EXERCISE BRIEF: From the data that follows, print exactly the lines starting at the one containing "Tabela nutricional Iogurte" and ending at the one containing "No limite, n"; include both of them and nothing more.
#### ENTRIES PROVIDED ####
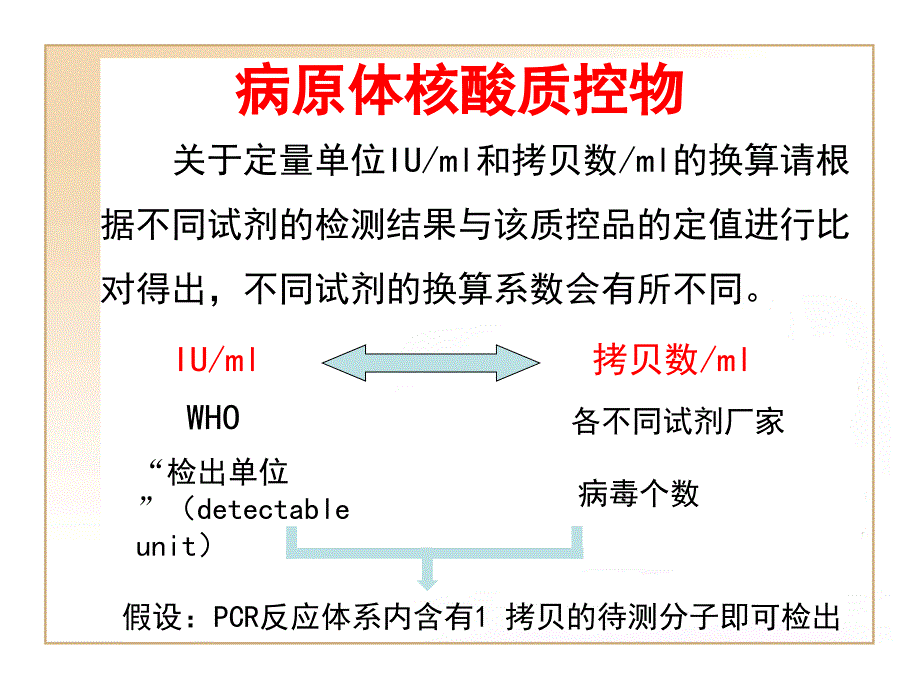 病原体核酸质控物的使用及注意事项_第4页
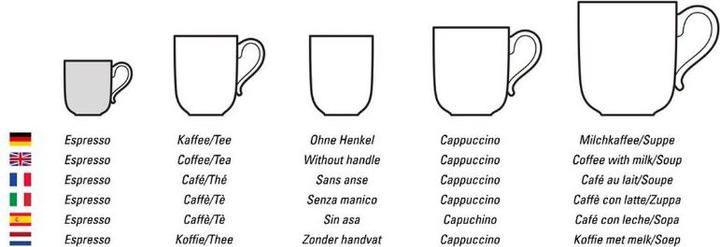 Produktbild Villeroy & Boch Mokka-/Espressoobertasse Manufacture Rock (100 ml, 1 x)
####
#### ENTRIES PROVIDED ####
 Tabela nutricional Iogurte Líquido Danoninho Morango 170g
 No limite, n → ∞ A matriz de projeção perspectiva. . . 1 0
####
PROBLEM SOLUTION:
 Tabela nutricional Iogurte Líquido Danoninho Morango 170g
 No limite, n → ∞ A matriz de projeção perspectiva. . . 1 0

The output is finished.